Materials provided —
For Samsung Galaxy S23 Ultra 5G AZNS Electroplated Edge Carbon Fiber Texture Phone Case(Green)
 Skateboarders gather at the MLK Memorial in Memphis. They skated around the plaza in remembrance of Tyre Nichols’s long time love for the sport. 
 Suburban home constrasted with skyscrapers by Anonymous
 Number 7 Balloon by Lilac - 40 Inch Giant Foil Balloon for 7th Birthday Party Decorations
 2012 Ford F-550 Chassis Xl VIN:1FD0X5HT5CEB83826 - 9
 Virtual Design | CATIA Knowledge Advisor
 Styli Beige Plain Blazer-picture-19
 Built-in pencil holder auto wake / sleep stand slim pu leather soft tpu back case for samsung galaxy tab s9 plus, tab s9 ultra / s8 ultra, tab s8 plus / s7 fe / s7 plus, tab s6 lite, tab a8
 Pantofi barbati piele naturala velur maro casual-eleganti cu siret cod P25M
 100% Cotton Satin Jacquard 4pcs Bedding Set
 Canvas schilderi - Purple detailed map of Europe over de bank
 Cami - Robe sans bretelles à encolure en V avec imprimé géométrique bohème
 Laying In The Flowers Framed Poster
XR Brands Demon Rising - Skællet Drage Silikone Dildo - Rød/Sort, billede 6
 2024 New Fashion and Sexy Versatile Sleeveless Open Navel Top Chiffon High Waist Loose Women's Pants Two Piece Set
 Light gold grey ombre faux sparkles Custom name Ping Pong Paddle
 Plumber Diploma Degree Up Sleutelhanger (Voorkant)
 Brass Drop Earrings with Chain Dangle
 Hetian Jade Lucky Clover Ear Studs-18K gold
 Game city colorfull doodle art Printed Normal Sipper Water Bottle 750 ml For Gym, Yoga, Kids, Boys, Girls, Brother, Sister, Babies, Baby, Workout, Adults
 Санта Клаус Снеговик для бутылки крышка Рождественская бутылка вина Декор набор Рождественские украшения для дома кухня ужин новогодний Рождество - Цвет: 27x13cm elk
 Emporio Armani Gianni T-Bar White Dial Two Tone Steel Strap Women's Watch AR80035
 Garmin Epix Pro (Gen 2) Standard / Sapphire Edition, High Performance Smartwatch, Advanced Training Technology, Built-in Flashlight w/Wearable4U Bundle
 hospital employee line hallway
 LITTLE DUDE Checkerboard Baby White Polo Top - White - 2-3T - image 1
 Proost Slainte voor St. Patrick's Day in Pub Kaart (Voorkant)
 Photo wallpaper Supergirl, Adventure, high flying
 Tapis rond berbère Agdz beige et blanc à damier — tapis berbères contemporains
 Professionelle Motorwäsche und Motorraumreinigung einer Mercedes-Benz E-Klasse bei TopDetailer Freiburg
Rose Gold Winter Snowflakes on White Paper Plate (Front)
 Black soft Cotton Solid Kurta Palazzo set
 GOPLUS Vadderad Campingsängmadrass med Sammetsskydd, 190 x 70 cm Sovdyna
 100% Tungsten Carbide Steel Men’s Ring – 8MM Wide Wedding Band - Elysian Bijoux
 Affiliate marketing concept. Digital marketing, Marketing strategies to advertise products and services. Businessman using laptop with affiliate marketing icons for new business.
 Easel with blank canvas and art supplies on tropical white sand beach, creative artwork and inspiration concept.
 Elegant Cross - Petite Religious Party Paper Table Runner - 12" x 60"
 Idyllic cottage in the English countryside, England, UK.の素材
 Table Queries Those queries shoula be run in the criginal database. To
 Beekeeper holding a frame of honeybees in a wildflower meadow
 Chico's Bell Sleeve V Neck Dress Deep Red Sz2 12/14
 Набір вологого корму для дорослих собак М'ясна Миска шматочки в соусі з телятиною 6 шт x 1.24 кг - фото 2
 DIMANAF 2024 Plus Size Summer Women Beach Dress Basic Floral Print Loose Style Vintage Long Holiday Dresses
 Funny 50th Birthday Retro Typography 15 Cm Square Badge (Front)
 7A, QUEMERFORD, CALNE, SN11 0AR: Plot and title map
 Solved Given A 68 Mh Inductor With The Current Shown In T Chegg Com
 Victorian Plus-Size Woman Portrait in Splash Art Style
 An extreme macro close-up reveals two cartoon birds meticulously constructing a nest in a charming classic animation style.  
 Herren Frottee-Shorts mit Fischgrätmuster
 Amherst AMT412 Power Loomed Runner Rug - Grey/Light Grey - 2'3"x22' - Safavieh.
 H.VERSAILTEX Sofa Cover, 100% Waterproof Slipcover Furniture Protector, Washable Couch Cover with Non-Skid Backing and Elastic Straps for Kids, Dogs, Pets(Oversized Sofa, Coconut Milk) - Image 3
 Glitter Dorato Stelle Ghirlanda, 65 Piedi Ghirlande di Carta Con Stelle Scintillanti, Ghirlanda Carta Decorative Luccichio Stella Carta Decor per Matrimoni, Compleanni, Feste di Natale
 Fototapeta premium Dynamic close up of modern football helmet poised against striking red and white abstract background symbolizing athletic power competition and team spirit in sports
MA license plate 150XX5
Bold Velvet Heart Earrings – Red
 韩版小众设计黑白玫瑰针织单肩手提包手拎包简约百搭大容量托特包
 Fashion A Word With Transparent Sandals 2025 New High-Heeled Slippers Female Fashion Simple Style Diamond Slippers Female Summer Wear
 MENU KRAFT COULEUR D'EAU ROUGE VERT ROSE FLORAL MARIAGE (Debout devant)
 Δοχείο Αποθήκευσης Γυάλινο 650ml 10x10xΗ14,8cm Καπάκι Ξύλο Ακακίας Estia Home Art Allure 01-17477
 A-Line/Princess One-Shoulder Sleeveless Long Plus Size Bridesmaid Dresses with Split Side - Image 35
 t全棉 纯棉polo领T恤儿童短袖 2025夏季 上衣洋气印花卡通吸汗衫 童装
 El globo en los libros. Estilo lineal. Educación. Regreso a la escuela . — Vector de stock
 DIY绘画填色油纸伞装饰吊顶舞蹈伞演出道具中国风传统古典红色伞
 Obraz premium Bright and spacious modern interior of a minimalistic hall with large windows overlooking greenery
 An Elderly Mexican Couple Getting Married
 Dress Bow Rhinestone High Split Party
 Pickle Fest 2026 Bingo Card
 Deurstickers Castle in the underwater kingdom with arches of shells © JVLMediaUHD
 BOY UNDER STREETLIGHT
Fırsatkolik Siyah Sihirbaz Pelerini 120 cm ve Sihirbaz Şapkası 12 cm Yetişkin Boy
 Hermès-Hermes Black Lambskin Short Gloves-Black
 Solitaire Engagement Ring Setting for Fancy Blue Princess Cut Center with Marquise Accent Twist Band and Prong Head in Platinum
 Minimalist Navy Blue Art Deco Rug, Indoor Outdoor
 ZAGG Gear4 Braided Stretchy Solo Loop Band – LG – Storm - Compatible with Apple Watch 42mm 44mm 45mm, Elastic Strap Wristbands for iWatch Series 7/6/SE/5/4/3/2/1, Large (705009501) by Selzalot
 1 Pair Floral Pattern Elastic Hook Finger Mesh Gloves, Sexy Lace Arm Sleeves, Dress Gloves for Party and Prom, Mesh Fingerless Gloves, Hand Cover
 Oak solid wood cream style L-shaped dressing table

Work to complete — Start at the first line of the entries above. Set down each line exactly through the one with "Suburban home constrasted", and stop there.

Result of this exercise —
For Samsung Galaxy S23 Ultra 5G AZNS Electroplated Edge Carbon Fiber Texture Phone Case(Green)
 Skateboarders gather at the MLK Memorial in Memphis. They skated around the plaza in remembrance of Tyre Nichols’s long time love for the sport. 
 Suburban home constrasted with skyscrapers by Anonymous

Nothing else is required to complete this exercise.